Aye-- that's the problem. That's what I'm encouraging; people making bold decisions and convincing those that are complacent and unadventurous that there's more fertile ground here than they seem to believe. Criticism is an important part of that. There are quite a few people requesting more diversity now: it's harder to ignore.
Lightknight said:
And here's something to actually consider. Maybe this doesn't do what we think it will? Maybe it does lose far more male gamers than the female gamers it gains? We have to consider the idea that there actually is a difference between sexes in gaming preferences in the same way there is in movies. It is not sexist to consider this possibility. Marketing products to the wrong demographics will lose you money. However, this opens up a much better realm of possibility. That games made for men won't have a female character slapped in it. We could eventually see games actually made for women. Not that women can't like dudebro action games. I mean, I'm likely going home to play COD with my wife in five minutes because that's what she wants to do. But why not have games that fit that romance genre or whatever else we find are different between us when large numbers are taken into account?

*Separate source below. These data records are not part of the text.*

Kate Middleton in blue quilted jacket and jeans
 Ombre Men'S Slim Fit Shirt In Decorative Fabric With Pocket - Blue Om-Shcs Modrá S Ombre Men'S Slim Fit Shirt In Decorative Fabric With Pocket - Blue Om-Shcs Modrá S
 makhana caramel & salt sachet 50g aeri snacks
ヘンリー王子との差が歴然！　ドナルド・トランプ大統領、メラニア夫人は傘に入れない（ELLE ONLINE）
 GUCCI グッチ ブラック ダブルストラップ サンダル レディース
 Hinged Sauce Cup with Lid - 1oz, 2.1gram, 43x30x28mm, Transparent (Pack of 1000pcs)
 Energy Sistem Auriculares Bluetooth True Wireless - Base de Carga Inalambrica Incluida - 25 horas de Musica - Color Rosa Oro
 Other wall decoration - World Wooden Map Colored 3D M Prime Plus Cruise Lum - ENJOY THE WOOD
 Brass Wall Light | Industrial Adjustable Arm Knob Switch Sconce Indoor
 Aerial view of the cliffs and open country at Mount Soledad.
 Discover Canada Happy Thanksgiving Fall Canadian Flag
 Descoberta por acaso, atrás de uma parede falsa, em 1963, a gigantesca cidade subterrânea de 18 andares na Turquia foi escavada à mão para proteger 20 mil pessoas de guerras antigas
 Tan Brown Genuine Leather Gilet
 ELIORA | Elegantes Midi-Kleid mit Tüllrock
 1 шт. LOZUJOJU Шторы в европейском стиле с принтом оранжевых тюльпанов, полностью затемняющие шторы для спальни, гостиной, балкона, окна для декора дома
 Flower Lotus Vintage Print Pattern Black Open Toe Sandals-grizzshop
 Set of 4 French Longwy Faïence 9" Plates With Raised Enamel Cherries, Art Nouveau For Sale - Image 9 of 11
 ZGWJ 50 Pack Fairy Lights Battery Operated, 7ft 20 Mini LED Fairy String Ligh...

I agree entirely. More exploration into different genres is something I would very much welcome. Again, it's something that hasn't happened, because the innovation and invention seem to be dirty words (unless they're used emptily).
hermes200 said:
But the Assassins Creed games were never made to represent ME. Out of their playable characters, one is Arab, one is Native American, two are black, one is a woman, one is Welsh, another one is Italian, two are American and another one is British. Needless to say, none of those profiles fits me entirely, yet I had no problem with playing any of them in the past, because it was never about MY version of the story with MY version of the character, but the story the game director told with the characters they created.
Missrepresentative? Yes. Missed opportunity? Sure. But this is Assassins Creed, not Fallout. The protagonists of Assassins Creed are who they are, not a tabula rasa for players to roleplay themselves.
I agree with the first part. The AC series is pretty good, overall, on the diversity front.
I think the second paragraph slightly misses the point. It's not about roleplaying oneself; there's still a huge amount of power in identifying with protagonists and characters in a piece of art.